(Entries taken from a collection)
********
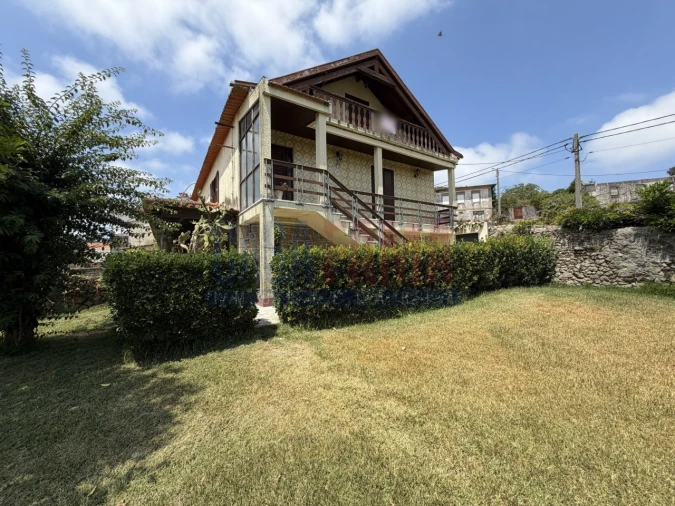 Moradia T7 para Venda em Rio Mau e Arcos Foto 35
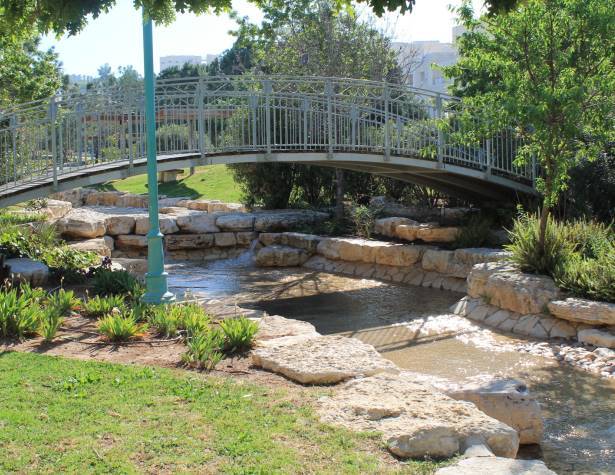 פארק המזרקה עמק איילון 2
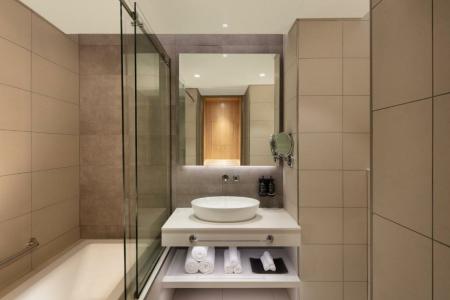 Holiday Inn Dubai Business Bay - 27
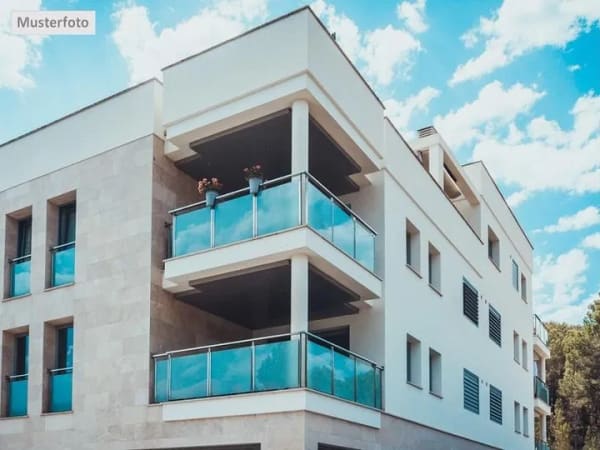 Immobilie in Weyhe - 2 Zimmer - Wohnung mit Stellplatz Ohne Provi - Top Möglichkeit! - Bild 0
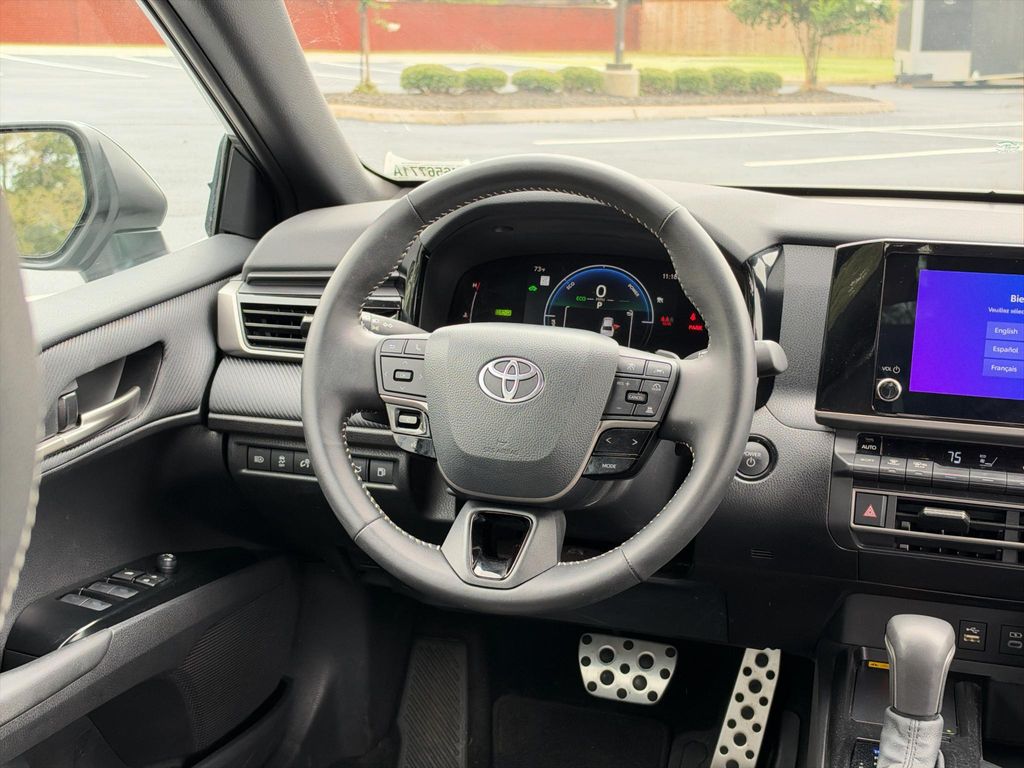 صورة مصغرة 22 لـ 2026 Toyota CAMRY LE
********
- [Instructions for the task]
Would you copy out all the data exactly, without the images?

- [Output below]
 Moradia T7 para Venda em Rio Mau e Arcos Foto 35
 פארק המזרקה עמק איילון 2
 Holiday Inn Dubai Business Bay - 27
 Immobilie in Weyhe - 2 Zimmer - Wohnung mit Stellplatz Ohne Provi - Top Möglichkeit! - Bild 0
 صورة مصغرة 22 لـ 2026 Toyota CAMRY LE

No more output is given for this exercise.